Saturday, 4 February 2023

0704 : Case Presentation : Brajendra Nath Bhargava vs Ramchandra Kasliwal

 Supreme Court of India

Brajendra Nath Bhargava (Dead) By ... vs Ramchandra Kasliwal And Anr. on 20 March, 1997
Equivalent citations: AIR 1999 SC 2866, JT 1998 (7) SC 621, RLW 1999 (2) SC 199, (1998) 9 SCC 169
Bench: A Ahmadi, K Paripoornan, S Kurdukar

ORDER

1. The appellant is the original complainant who had lodged a complaint with the Bar Council of Rajasthan, Jodhpur against the respondents who were then practising as advocates in the courts in Rajasthan. The complainant happened to be a tenant of a showroom. His landlords had filed the suit against him for arrears of rent and possession on 21-12-1974. S/Shri K.L. Saxena and Satyandra Saxena represented the plaintiffs in that suit. Later on, the two respondents appeared on behalf of the plaintiffs. A standard rent suit was filed by the landlord represented by the two respondents against the complainant bearing No. 36 of 1978 and that suit was later decreed and the standard rent was fixed at Rs 300 per month. Thereafter, it is alleged that the respondents got the showroom transferred in the name of the respondent R.C. Kasliwal's sons, Sarvshri Harshwardhan and Himanshu and Smt Ritu Kasliwal. The allegation was that the vendees were non-earning members of the family of the two respondents and were, therefore, benamidars. The two respondents continued to represent them in the suit even after the transaction. The two respondents have admitted the fact of the institution of the two suits and their being engaged as advocates for the original plaintiffs and also the fact that the property in question was purchased by the aforesaid three family members but they contended that the consideration was paid by the vendees out of their own funds.
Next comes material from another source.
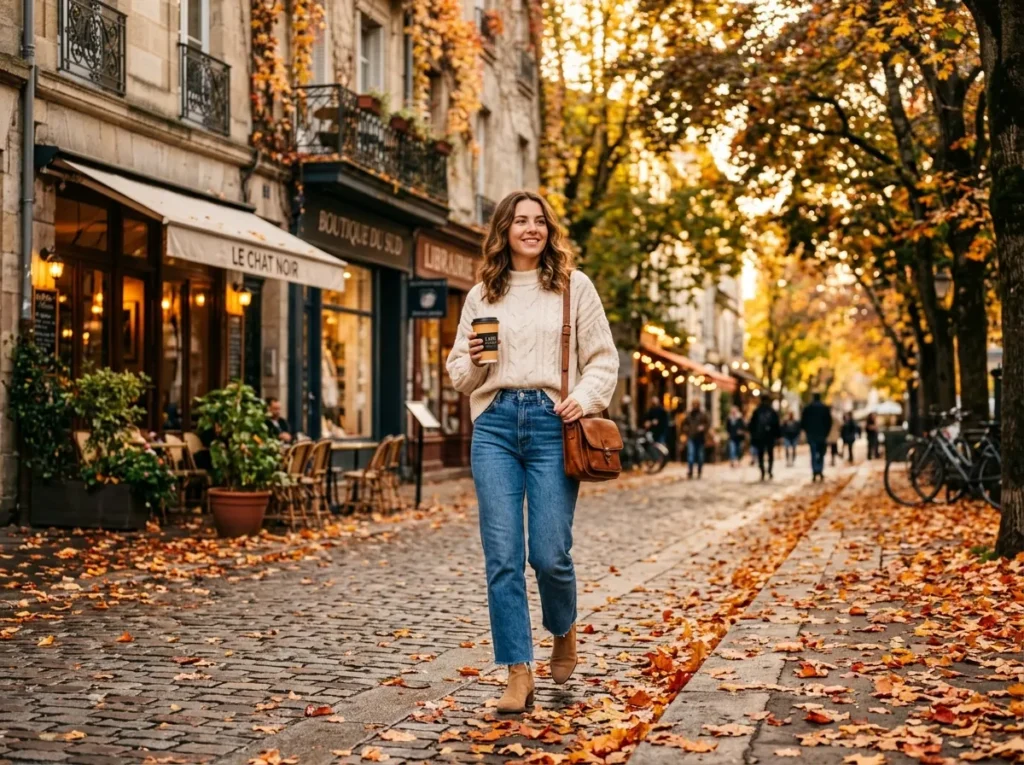 Fall outfits for women 2026 showcasing a chunky knit sweater and straight-leg jeans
2. After examining the facts of the case and the behavior of the two respondents as representing the original plaintiffs in the two suits, the State Disciplinary Committee came to the conclusion that it was a benami transaction as no evidence was led on record to show that the vendees had paid the consideration out of their own funds. The Disciplinary Committee, therefore came to the conclusion that there was an infringement of Rules 9 and 22 of the Bar Council of India Rules. The Committee, therefore, recorded a finding of guilt, professional misconduct and directed that the respondents be reprimanded for their action. The State Bar Council, therefore, visited the respondents with the punishment of reprimand and cost of Rs. 300.

3. Against the said finding recorded by the State Bar Council, the two respondents filed an appeal before the Disciplinary Committee of the Bar Council of India which after hearing the parties, came to the conclusion that the character of the transaction being benami was not established, that there was misconduct committed by the present respondents and that the State Bar Council was in error in visiting the respondents with the punishment of reprimand and cost. The Bar Council of India, therefore, set aside the order of the State Bar Council dated 8-9-1991 and exonerated the two respondents. That is why the original complainant has moved this Court.

4. Having carefully examined the evidence on record and the conduct of the two respondents herein and having heard the learned counsel for both the sides, we are satisfied that the conduct of the respondents was not unblemished and that they had played a part in securing the property in the name of benamidars while they were representing one of the parties to the suit. The Bar Council of India was, therefore, wrong in thinking that the conduct of the respondents was unblemished. The technical objections raised on the interpretation of Rules 9 and 22 of the Bar Council Rules, in our opinion, should not weigh because what is important is to ascertain if the respondents were guilty of misconduct and if yes, to ensure that they are visited with some penalty. The State Bar Council visited the two respondents with a mild penalty of reprimand and payment of cost quantified at Rs 300. We do not think that the Bar Council of India was justified in interfering with the order made by the State Bar Council because one thing is clear from the evidence that the two respondents had taken an active interest in getting the property transferred to the names of their relatives and practically evidence was laid to show that the consideration had come out of their funds. In a situation like this, we think that the Bar Council of India ought not to have interfered with the action taken by the State Bar Council. We, therefore, set aside the order of the Bar Council of India by allowing this appeal and direct the respondents to suffer the sentence imposed upon them by the State Bar Council,

5. In the result, we allow this appeal, set aside the order of the Bar Council of India impugned herein. We, however, make no order as to costs.